Beginning with the line that contains "Photograph of Sue McCarthy", write out each remaining line of the records below exactly. Do not copy any picture.

──────── DATA PROVIDED ────────

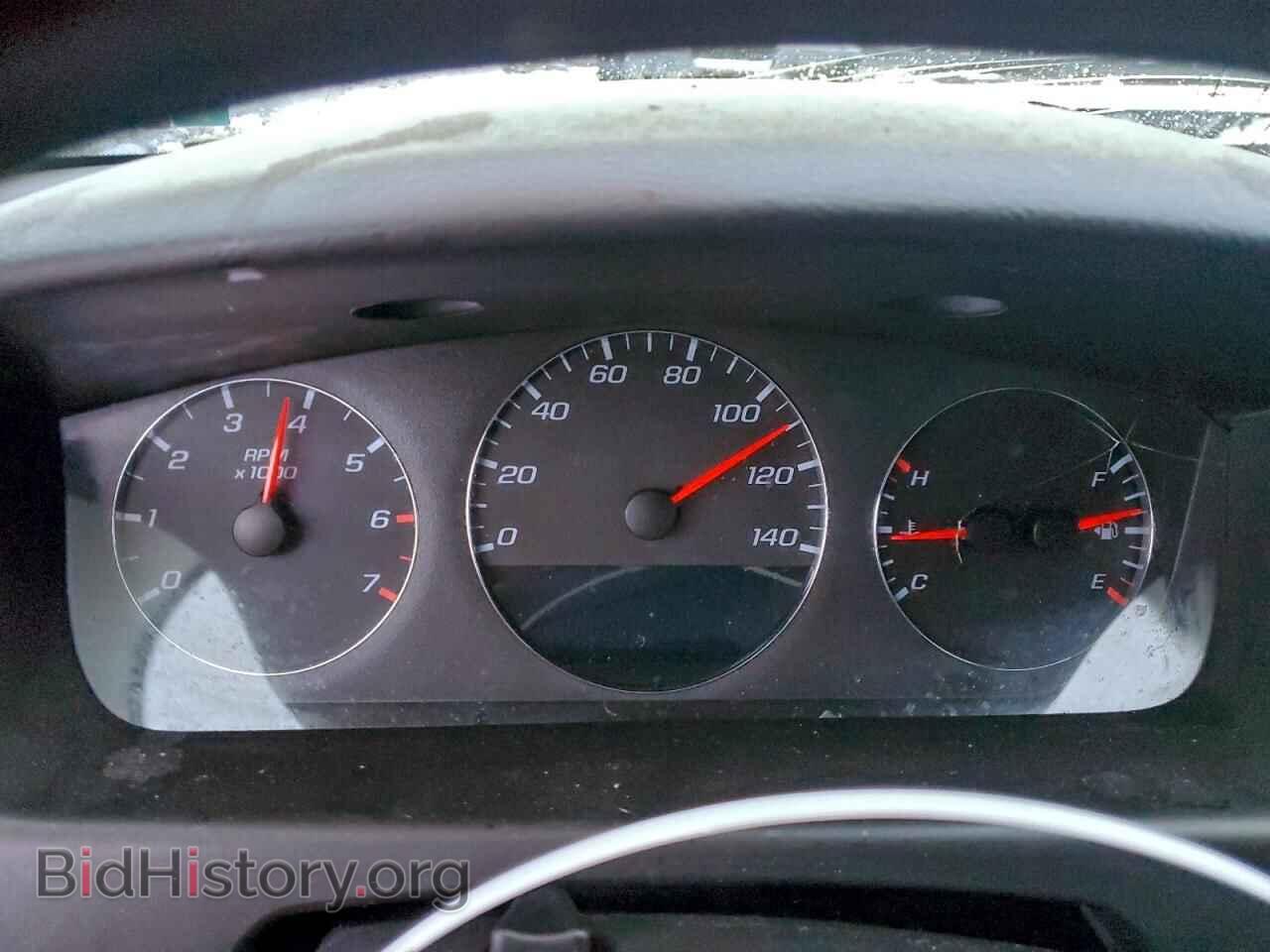 2008 CHEVROLET IMPALA - VIN: 2G1WT55K989241672 - Фото 9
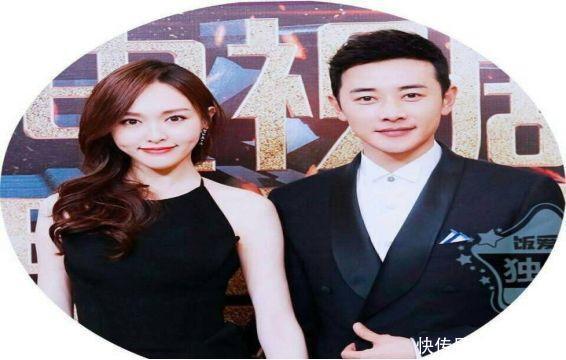 唐嫣罗晋要结婚?合力破分手谣言,网友:你们一定要幸福!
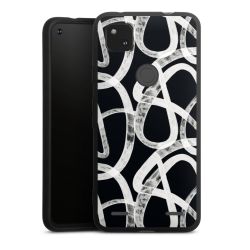 New Carry Case Hülle mattschwarz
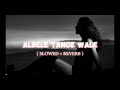 Albele Tange Wale Slowed Reverb Song RJ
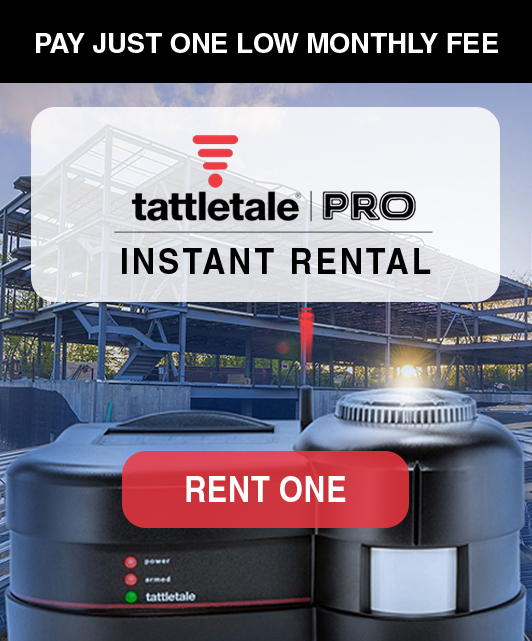 tattletale rental program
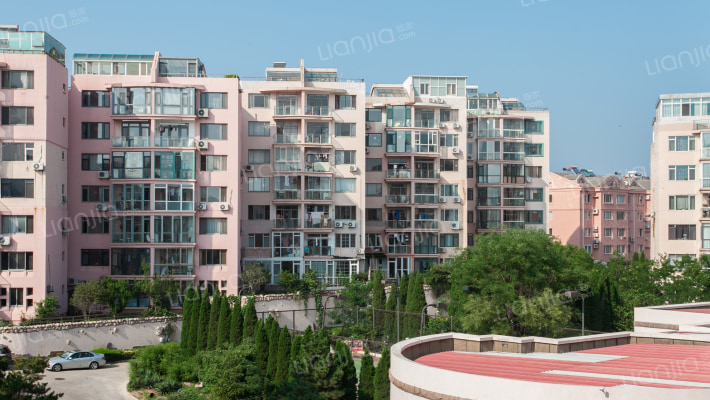 瑞禾苑(海口路)外景图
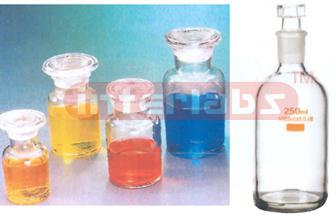BOTTLES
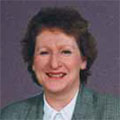 Photograph of Sue McCarthy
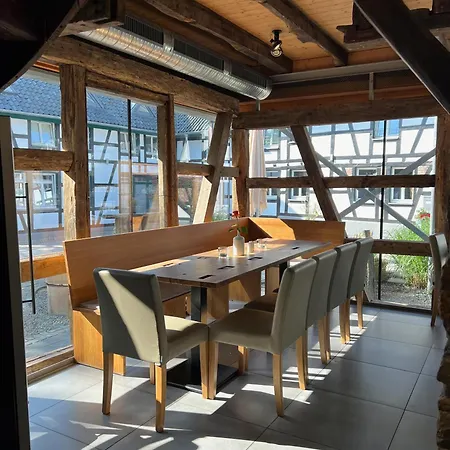 Kragemann & Vinothek Otel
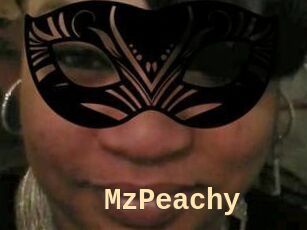 MzPeachy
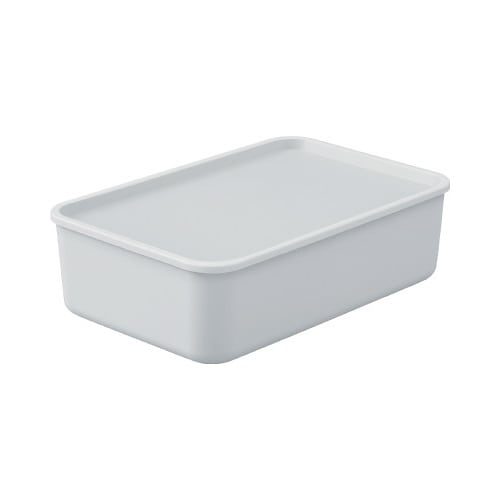 フタ付き積み重ねBOX FTB−45 AH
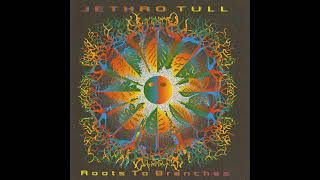 Jethro Tull - Valley (isolated guitar)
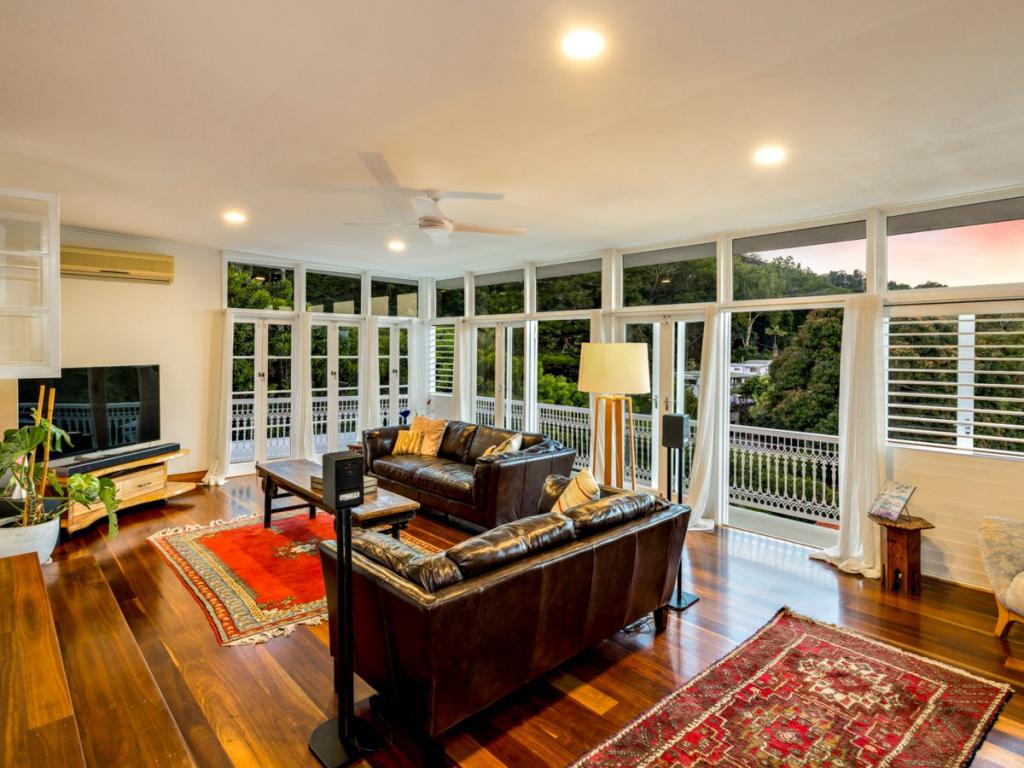 541 Mccormack St, Edge Hill, QLD 4870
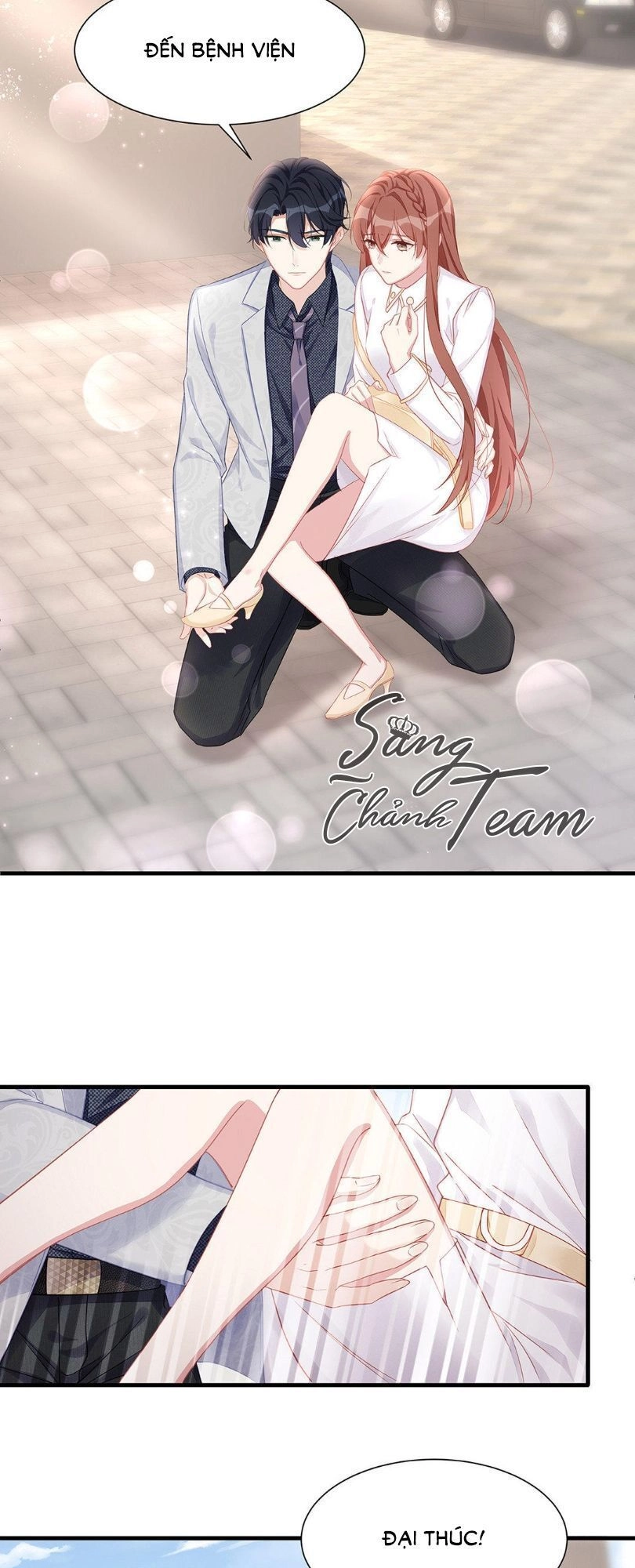 Chỉ Muốn Cưng Chiều Em Chapter 14 - 30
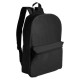 Mochila em Polyester 600D 12L Preta Personalizado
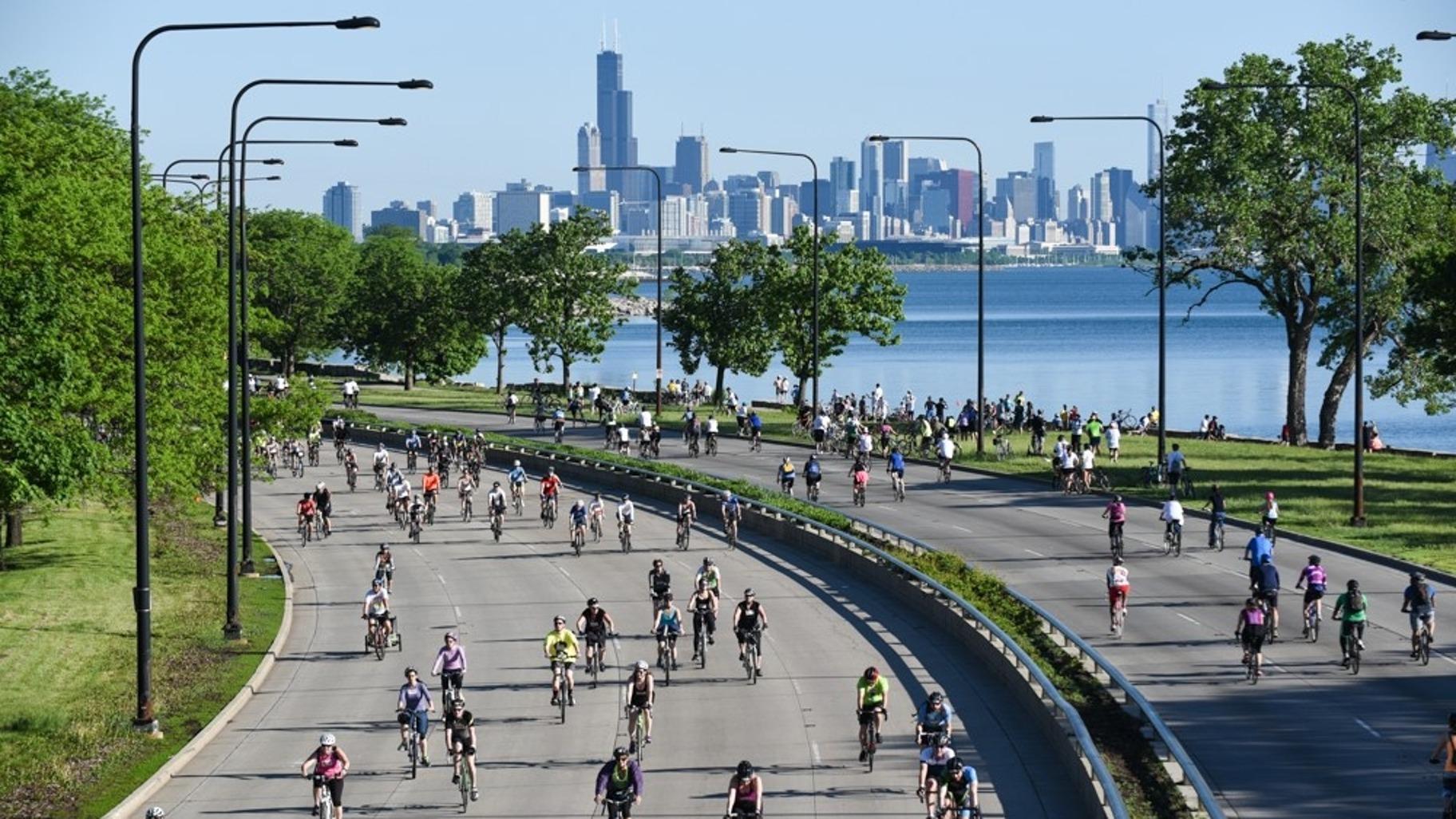 2023 — Chicago Federation of Labor May Day 5k — Race Roster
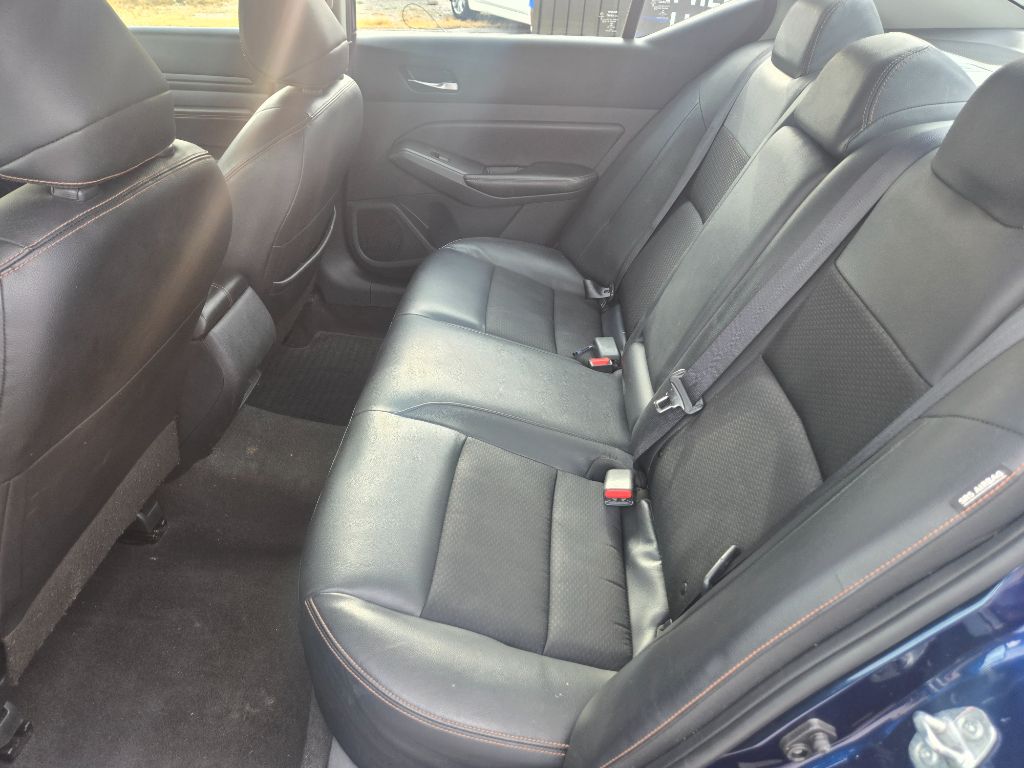 2022 Nissan Altima - $13,700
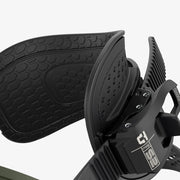 Union - Force Bindings 2026 - Army Green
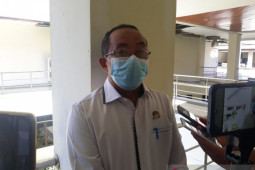 Kemendes hibahkan enam mobil  untuk operasional desa di Parigi Moutong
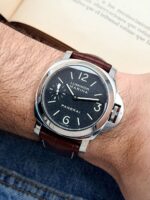 Panerai Luminor Marina 44 mm PAM00111, década de 2000. - Imagen 2
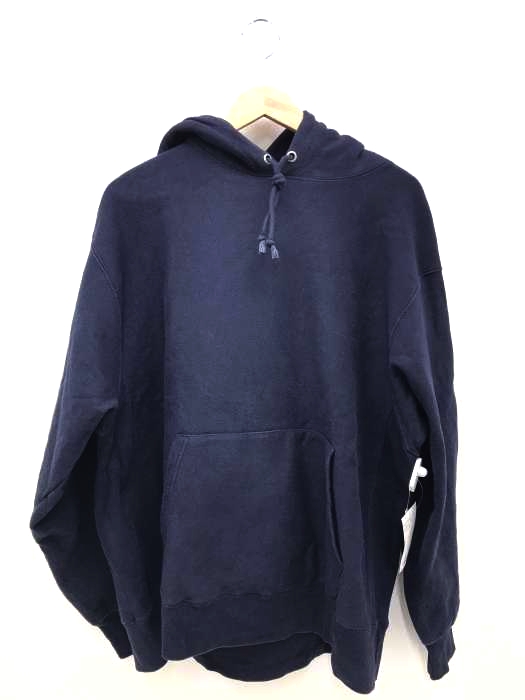 Champion（チャンピオン） REVERSE WEAVEプルオーバーパーカー メンズ トップス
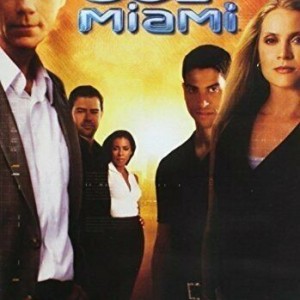 CSI MIAMI - 1 SEASON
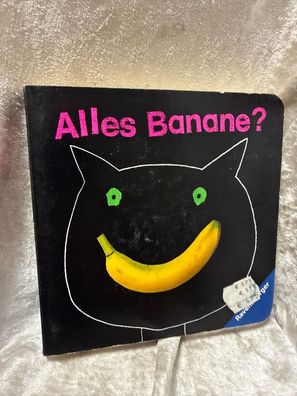 Alles Banane?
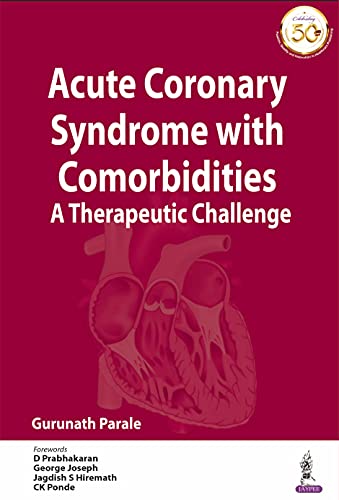 Acute Coronary Syndrome with Comorbidities: A Therapeutic Challenge (Original PDF from Publisher)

────────

EXPECTED ANSWER -
 Photograph of Sue McCarthy
 Kragemann & Vinothek Otel
 MzPeachy
 フタ付き積み重ねBOX FTB−45 AH
 Jethro Tull - Valley (isolated guitar)
 541 Mccormack St, Edge Hill, QLD 4870
 Chỉ Muốn Cưng Chiều Em Chapter 14 - 30
 Mochila em Polyester 600D 12L Preta Personalizado
 2023 — Chicago Federation of Labor May Day 5k — Race Roster
 2022 Nissan Altima - $13,700
 Union - Force Bindings 2026 - Army Green
 Kemendes hibahkan enam mobil  untuk operasional desa di Parigi Moutong
 Panerai Luminor Marina 44 mm PAM00111, década de 2000. - Imagen 2
 Champion（チャンピオン） REVERSE WEAVEプルオーバーパーカー メンズ トップス
 CSI MIAMI - 1 SEASON
 Alles Banane?
 Acute Coronary Syndrome with Comorbidities: A Therapeutic Challenge (Original PDF from Publisher)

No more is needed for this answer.